== DIRECTIONS FOR THIS TASK ==
Could you write out, exactly and with no pictures, every line from the one containing "UK government social media ban 2026" through the last line of the entries?

== INFORMATION SUPPLIED ==

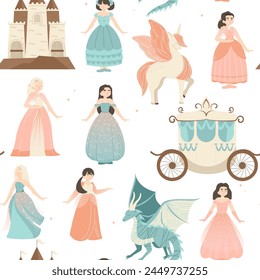 Childish princess pattern. Cute fairy tale seamless print with princess castle, carriage, unicorn, crown and magic wand. Vector texture. Medieval characters wearing dresses wallpaper for nursery room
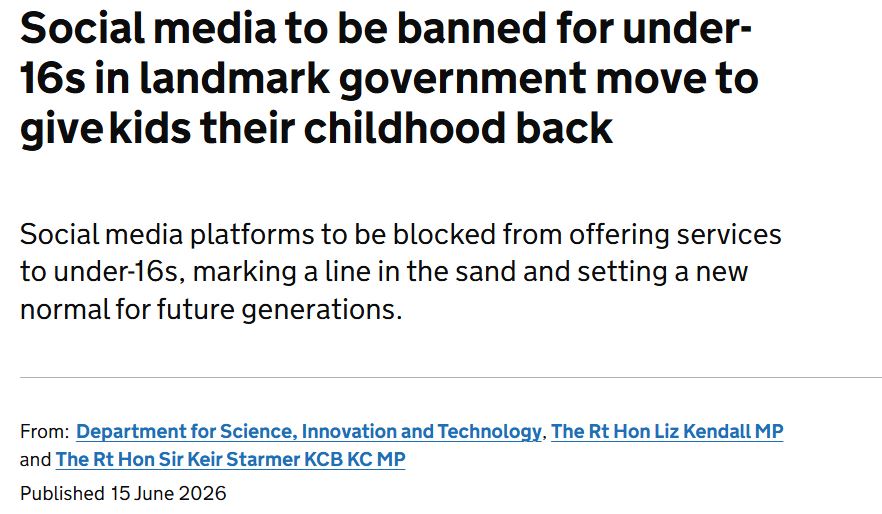 UK government social media ban 2026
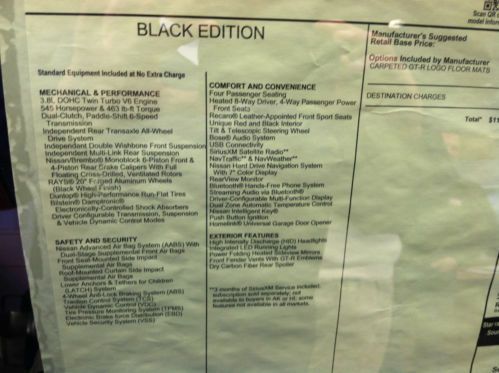 2014 Nissan GTR Black Edition, image 5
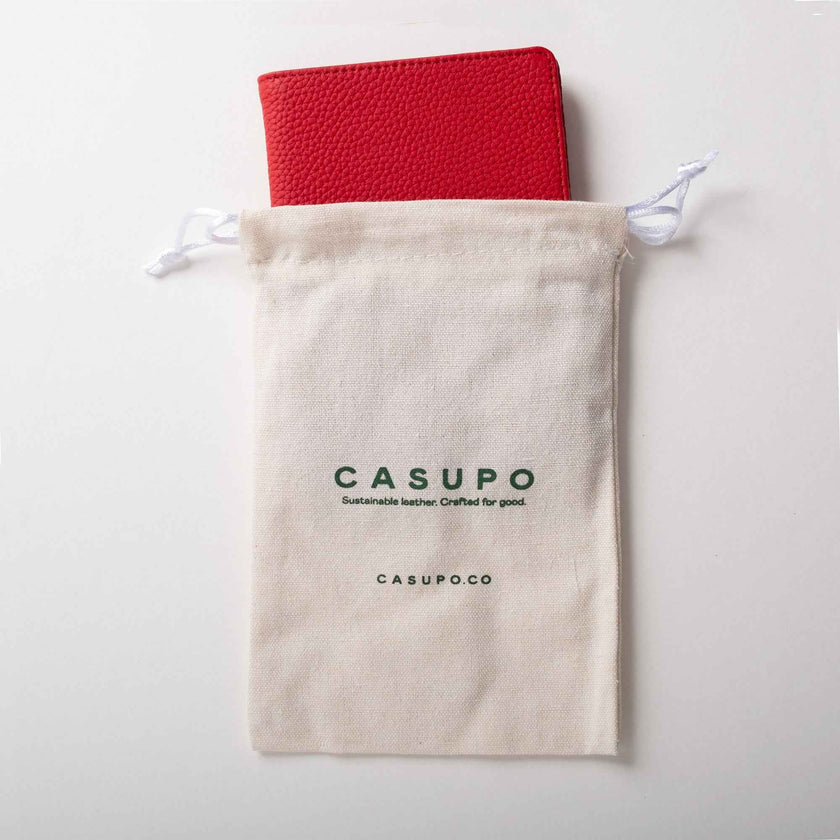 Leather Passport Wallet with RFID - Red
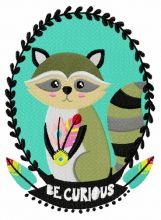 Curious raccoon embroidery design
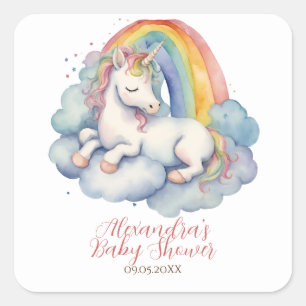 Adesivo Quadrado Chá de fraldas Baby Unicorn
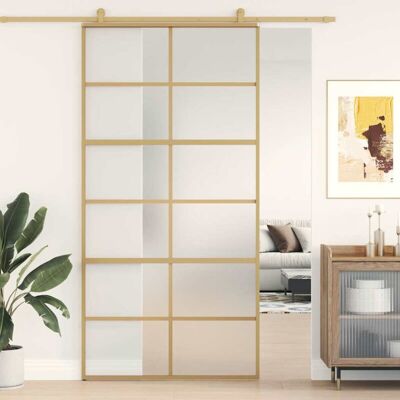 Puerta Corredera Dorada De Vidrio Esg Esmerilado Y Aluminio Vidaxl Puerta Corredera Dorada De Vidrio Esg Esmerilado Y Aluminio Vidaxl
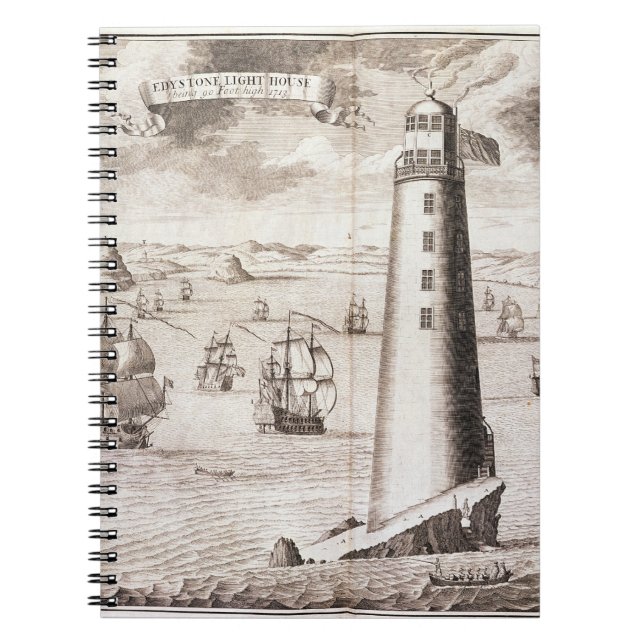 Cuaderno El faro de Eddystone, grabado por Hendrick Hul (Frente)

== SOLUTION TO THIS EXERCISE ==
 UK government social media ban 2026
 2014 Nissan GTR Black Edition, image 5
 Leather Passport Wallet with RFID - Red
 Curious raccoon embroidery design
 Adesivo Quadrado Chá de fraldas Baby Unicorn
 Puerta Corredera Dorada De Vidrio Esg Esmerilado Y Aluminio Vidaxl Puerta Corredera Dorada De Vidrio Esg Esmerilado Y Aluminio Vidaxl
 Cuaderno El faro de Eddystone, grabado por Hendrick Hul (Frente)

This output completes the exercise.